Regardless of where the Army sends them, they won't be able to tell their families where they are because of security considerations.
The Maryland National Guard's Special Operations Detachment - Joint Forces, a unit of nearly 30 members, oversees secretive missions.
That means they don't talk much about what they're going to do, only that their mission will start with a 12- to 14-hour bus ride from the Fifth Regiment Armory in Baltimore to Fort Campbell, Ky. They don't like being photographed, and guard officials would not allow the members to use their last names.
J.R. from Montgomery County is the group's sergeant major. This Christmas, he will be at the right hand of his colonel, instead of his grandson's side while the 8-year-old opens presents.

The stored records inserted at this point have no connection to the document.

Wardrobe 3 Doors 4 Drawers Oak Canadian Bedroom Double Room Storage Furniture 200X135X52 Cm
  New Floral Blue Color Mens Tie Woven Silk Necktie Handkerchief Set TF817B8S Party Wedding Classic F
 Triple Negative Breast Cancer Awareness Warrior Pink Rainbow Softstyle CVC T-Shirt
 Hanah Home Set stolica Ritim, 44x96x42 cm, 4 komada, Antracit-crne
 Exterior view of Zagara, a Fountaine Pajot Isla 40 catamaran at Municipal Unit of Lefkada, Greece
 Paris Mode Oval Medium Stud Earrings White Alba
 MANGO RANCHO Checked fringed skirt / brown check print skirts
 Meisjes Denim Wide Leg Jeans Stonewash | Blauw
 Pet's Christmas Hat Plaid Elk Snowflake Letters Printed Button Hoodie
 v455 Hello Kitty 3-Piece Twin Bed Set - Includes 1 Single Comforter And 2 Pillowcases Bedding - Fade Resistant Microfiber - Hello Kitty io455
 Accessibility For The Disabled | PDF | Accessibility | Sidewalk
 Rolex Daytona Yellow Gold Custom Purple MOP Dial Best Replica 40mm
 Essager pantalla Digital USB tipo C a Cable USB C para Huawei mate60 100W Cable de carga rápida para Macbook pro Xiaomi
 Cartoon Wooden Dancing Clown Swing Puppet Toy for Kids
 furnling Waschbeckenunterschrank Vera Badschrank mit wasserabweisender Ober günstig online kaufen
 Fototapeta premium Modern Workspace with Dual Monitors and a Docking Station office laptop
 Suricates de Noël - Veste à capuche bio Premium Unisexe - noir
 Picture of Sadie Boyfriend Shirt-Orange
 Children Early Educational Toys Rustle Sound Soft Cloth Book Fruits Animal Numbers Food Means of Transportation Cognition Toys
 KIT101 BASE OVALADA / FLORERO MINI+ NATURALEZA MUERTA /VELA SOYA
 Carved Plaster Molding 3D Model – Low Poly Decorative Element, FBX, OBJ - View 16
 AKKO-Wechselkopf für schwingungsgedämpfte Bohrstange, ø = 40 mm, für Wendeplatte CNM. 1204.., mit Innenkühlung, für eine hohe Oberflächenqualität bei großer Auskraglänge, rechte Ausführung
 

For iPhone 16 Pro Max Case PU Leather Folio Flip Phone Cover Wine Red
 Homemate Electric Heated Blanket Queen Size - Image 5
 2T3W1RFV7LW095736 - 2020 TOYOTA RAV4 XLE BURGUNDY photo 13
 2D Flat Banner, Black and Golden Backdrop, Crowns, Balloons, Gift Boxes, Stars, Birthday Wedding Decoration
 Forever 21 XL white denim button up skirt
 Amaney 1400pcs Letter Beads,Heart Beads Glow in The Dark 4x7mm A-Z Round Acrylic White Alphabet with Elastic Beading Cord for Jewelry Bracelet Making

"I'll be back for Thanksgiving," the 52-year-old said. Thanksgiving next year, that is, to eat his son's favorite rockfish dish.
In October, when J.R. learned he was shipping out, he gave his wife a fur-lined, black leather jacket. "It's not mink, but it's something like that."
It's her Christmas gift.
The unit that leaves tomorrow was assembled last month as part of the Army's first large special operations expansion in nearly 40 years, National Guard officials said.
Special operations forces are the troops that swoop into enemy territory for secret missions. They made quick strikes in Afghanistan, and are still being used there to protect the country's president and help maintain the new government.
The troops leaving tomorrow aren't the ones who carry out those missions. They plan them. "They're the best of the best as far as the Army goes," said Maryland National Guard spokesman Maj. Charles Kohler.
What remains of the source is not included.